## [Assignment]
Beginning with the first entry, set down each one exactly as shown.

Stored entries
___
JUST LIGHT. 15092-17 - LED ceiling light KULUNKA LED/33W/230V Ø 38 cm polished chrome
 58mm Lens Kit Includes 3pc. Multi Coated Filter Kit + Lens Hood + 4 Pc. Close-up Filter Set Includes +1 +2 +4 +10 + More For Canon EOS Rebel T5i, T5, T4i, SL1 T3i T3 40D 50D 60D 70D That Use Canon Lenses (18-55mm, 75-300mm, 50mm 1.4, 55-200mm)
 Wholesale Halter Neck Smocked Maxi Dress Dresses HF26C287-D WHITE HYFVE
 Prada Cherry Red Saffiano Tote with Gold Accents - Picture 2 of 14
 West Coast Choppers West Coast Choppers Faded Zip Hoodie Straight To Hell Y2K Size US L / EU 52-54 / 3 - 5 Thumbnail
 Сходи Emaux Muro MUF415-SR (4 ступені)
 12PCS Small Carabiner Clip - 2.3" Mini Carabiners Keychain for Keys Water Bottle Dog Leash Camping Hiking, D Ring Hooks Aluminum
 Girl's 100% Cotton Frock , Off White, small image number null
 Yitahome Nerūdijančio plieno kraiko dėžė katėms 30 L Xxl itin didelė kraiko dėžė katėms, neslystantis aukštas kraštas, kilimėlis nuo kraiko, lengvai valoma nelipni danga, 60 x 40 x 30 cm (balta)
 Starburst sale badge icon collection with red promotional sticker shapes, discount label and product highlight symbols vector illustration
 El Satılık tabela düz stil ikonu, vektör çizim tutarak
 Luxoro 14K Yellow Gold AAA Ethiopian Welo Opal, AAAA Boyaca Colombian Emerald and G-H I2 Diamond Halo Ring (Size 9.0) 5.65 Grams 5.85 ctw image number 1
___
## [Result below]
JUST LIGHT. 15092-17 - LED ceiling light KULUNKA LED/33W/230V Ø 38 cm polished chrome
 58mm Lens Kit Includes 3pc. Multi Coated Filter Kit + Lens Hood + 4 Pc. Close-up Filter Set Includes +1 +2 +4 +10 + More For Canon EOS Rebel T5i, T5, T4i, SL1 T3i T3 40D 50D 60D 70D That Use Canon Lenses (18-55mm, 75-300mm, 50mm 1.4, 55-200mm)
 Wholesale Halter Neck Smocked Maxi Dress Dresses HF26C287-D WHITE HYFVE
 Prada Cherry Red Saffiano Tote with Gold Accents - Picture 2 of 14
 West Coast Choppers West Coast Choppers Faded Zip Hoodie Straight To Hell Y2K Size US L / EU 52-54 / 3 - 5 Thumbnail
 Сходи Emaux Muro MUF415-SR (4 ступені)
 12PCS Small Carabiner Clip - 2.3" Mini Carabiners Keychain for Keys Water Bottle Dog Leash Camping Hiking, D Ring Hooks Aluminum
 Girl's 100% Cotton Frock , Off White, small image number null
 Yitahome Nerūdijančio plieno kraiko dėžė katėms 30 L Xxl itin didelė kraiko dėžė katėms, neslystantis aukštas kraštas, kilimėlis nuo kraiko, lengvai valoma nelipni danga, 60 x 40 x 30 cm (balta)
 Starburst sale badge icon collection with red promotional sticker shapes, discount label and product highlight symbols vector illustration
 El Satılık tabela düz stil ikonu, vektör çizim tutarak
 Luxoro 14K Yellow Gold AAA Ethiopian Welo Opal, AAAA Boyaca Colombian Emerald and G-H I2 Diamond Halo Ring (Size 9.0) 5.65 Grams 5.85 ctw image number 1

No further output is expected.